As the facilitator, Heather provided guidance and shared the principles of EC—how to look for the cues and what the next steps are. Although it was called a “challenge,” Heather emphasized that EC is not an all-or-nothing practice and doesn’t need to be overwhelming.
Participant Ashlee was very receptive to that concept. “I went into the Challenge with an all-or-nothing mentality,” she says. “But reframing EC as another tool in our kit was very helpful. We focused on what we could do—putting baby on the potty every day when she wakes up and before bath at night—as opposed to all of the things we couldn’t do—have childcare practice EC during the day.”
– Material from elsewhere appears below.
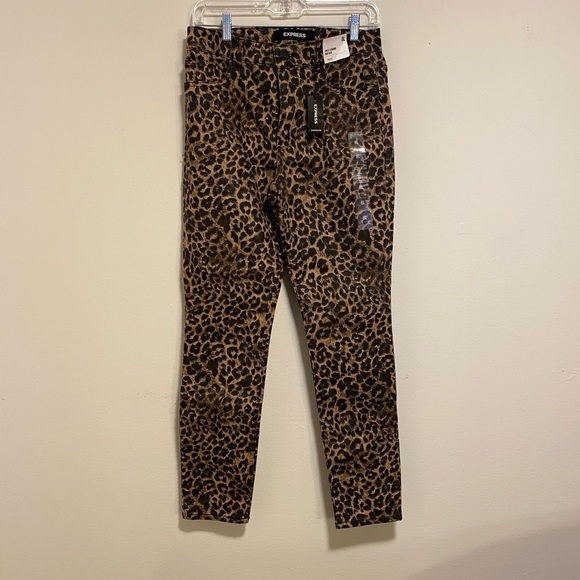 Express Pants - NWT Express Ankle High Rise Leggings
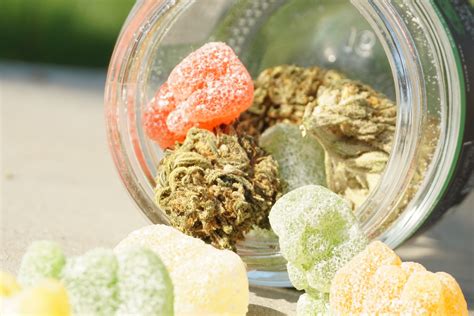 Gummy CBD THC: Benefits, Types, and Expert Opinions on Cannabis Edibles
Heather has both of her children in daycare and the teachers at school do not facilitate EC, so her family practices EC at home, in the evenings and on the weekends. “EC can absolutely be done part time,” she says. “It doesn’t have to be this daunting, never-in-diapers, always-watching-the-kid type of thing. Really, it’s just another form of communication to be able to listen to your child and get feedback from him or her.”
The communication part of EC is what Heather has found to be the most rewarding. “EC is an extra bond and communication between you, the caregiver, and your child that enables you to facilitate and meet his or her needs beyond feeding and sleeping,” she says. “It grows your relationship in another way. Eating and sleeping are so much of an infant’s life, but elimination is the other half of eating. I think you’re missing a big part of the equation if you aren’t taking that into account.”
Shanti, one of the group participants, couldn’t agree more. “I’m so glad that my family has chosen to do EC because it has shown me a side of my child that I don’t think I would have seen otherwise,” Shanti says. “Milo is capable of so many things and was from the day he was born! EC makes sense in a way that diapers don’t, and I’m grateful that the last poopy diaper I changed was probably 9 months ago—for my now 14-month-old. I think his skin is healthier, the planet is slightly less littered with disposable diapers, and my partner, baby, and I are all more confident in our ability to communicate with each other, in relation to pottying and everything else.”
Healthy skin and better communication are definitely some of the benefits of elimination communication. Diaper reduction, which creates less waste, is another. “On average, we save 1–2 diapers per day,” says Megan, another group participant. “That’s 30 to 40 diapers per month.” And for families using wash-at-home cloth diapers, laundry is decreased, thanks to EC.
Another benefit of elimination communication is earlier potty training. Participant Ashlee says, “We will definitely attempt potty training at a younger age. EC makes potty training less intimidating since we’re already going through the motions with EC. The next step isn’t as big of a step to take.”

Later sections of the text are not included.